From Tracy Bell - Co-Founder & CEO: How we started Millennia TEA

From Tracy Bell - Co-Founder & CEO: How we started Millennia TEA

I didn’t come up with the idea for Millennia TEA. In fact I pushed against it for months.

I didn’t understand. Cleaning and freezing fresh tea leaves? If the idea had merit, why wasn’t the industry doing it already?

But Rory’s vision for the future won me over. He saw the tea plant’s powerful role in promoting health and longevity – in giving people ‘more good moments’ with their loved ones.

And he had a hypothesis – a scientific method he believed would safeguard the maximum amount of antioxidants, and help those antioxidants better absorb in the gut.

We started talking to tea farmers. We saw tea plants in person for the first time.
We gathered samples, and started experimenting and testing Rory’s hypothesis… sending little baggies to labs experienced in measuring the catechins and polyphenols found in tea.

I remember the moment I knew we had to bring this product into the world. It was when we got the lab results that he convinced me.

We travelled to the highlands of Nandi Hills Kenya.
Then to the rainforest in Bitaco Colombia.
Then to the mountains of central Sri Lanka (where, coincidentally, we watched the tea pluckers chew on fresh tea leaves as they worked).

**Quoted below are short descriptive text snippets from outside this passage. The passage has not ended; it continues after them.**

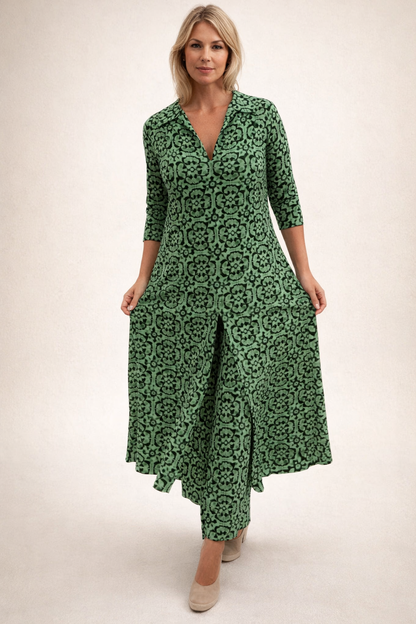 Margaret | Robe à motifs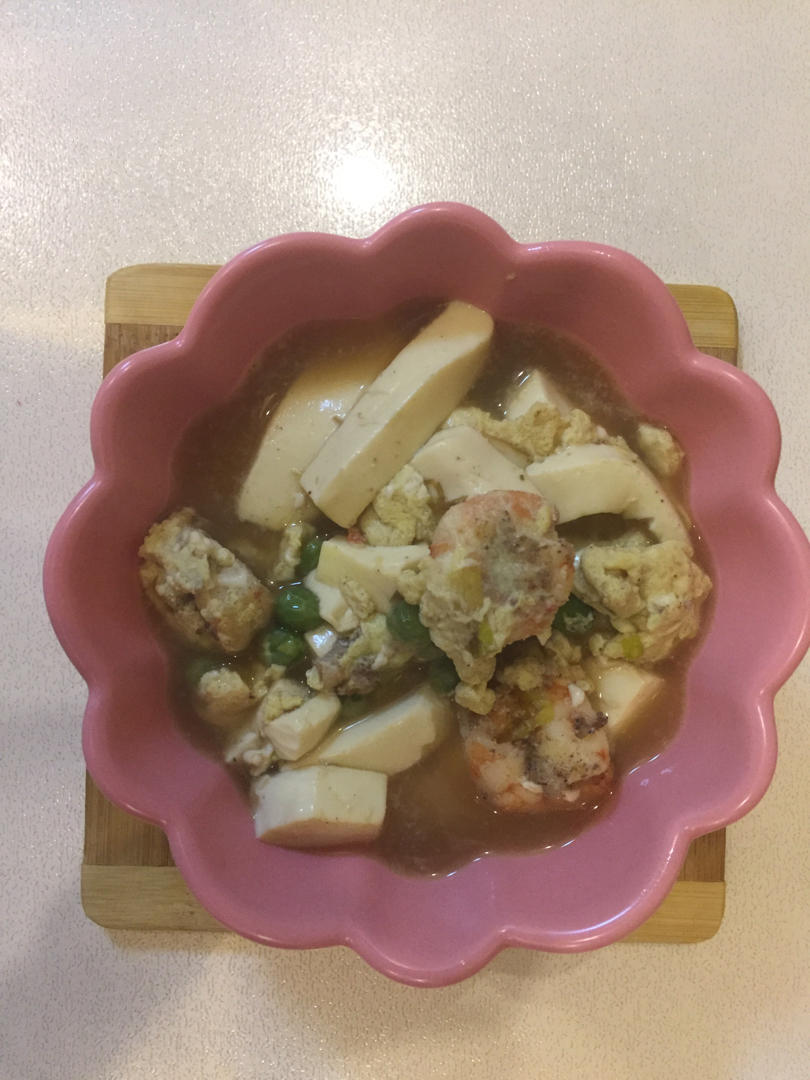 虾仁豆腐羹 | 鲜掉下巴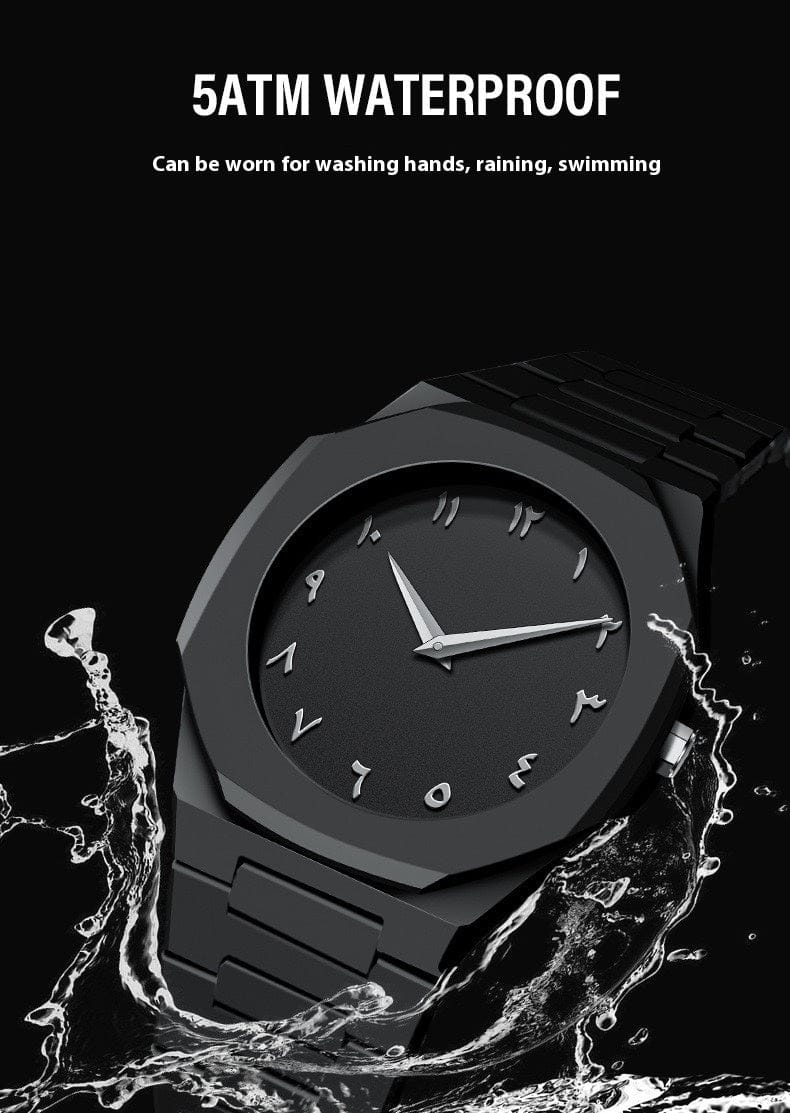 Arabic Black Luxury Watch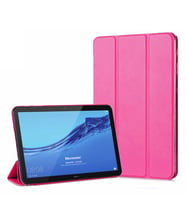 Huawei Mediapad T3 10 Kılıf Slim Translucent Back Smart Cover (Pembe)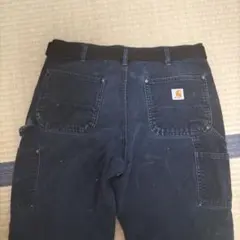 04M842◯ Carhartt ブラック フェード ダック地 ペインターパンツ 04M842◯ Carhartt ブラック フェード ダック地 ペインターパンツ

OUR VISION: find the most nutrient-rich plants on the planet and share them in their purest and most naturally-powerful format to help millions Live Better Longer.

Fast forward to today, we’ve got patents for our fresh-frozen processing method, a product in market across Canada, and a growing group of loyal customers who say our supercubes are benefiting their lives in ways they can see + feel.


And I can answer the question that stumped me back in 2016 when we started this journey… the why-isn’t-everyone-doing-this question?

It makes sense now. We are asking consumers to take the most consumed beverage in the world after water and to imagine it in a way they’ve never considered before, and can’t see in their mind’s eye. Then we ask them to find us in the FREEZER vs. the dried tea aisle.

It’s a struggle for sure. And it’s going to take some time to redefine an industry that’s been around for a millennia.

And I’m good with that.

We didn’t come here for a walk down Easy Street. We came to do something new and bold, and difficult, and SO worth it! Because the joy is in the journeying, and the process of bringing something new to life.